→ **Records for processing**
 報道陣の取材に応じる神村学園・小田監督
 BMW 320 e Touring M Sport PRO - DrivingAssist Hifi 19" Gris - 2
==
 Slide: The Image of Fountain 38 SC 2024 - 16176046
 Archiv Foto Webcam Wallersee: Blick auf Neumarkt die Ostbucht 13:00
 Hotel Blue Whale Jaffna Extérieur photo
---
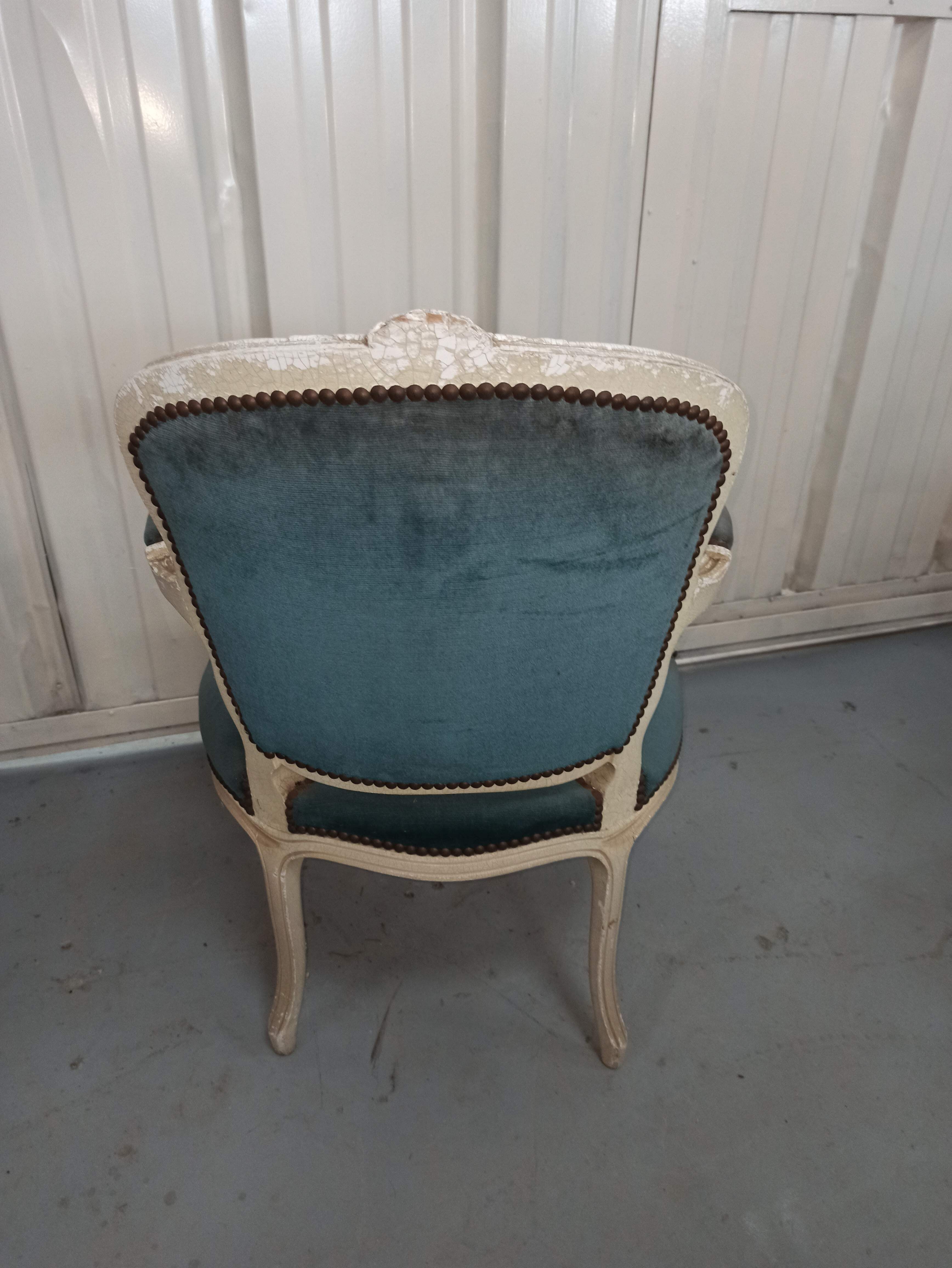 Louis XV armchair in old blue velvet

→ **Directions**
Please, from the material above, copy only the lines from the line with "Archiv Foto Webcam" up to and including the line with "Hotel Blue Whale Jaffna Extérieur photo", exactly as written.

→ **Final answer**
 Archiv Foto Webcam Wallersee: Blick auf Neumarkt die Ostbucht 13:00
 Hotel Blue Whale Jaffna Extérieur photo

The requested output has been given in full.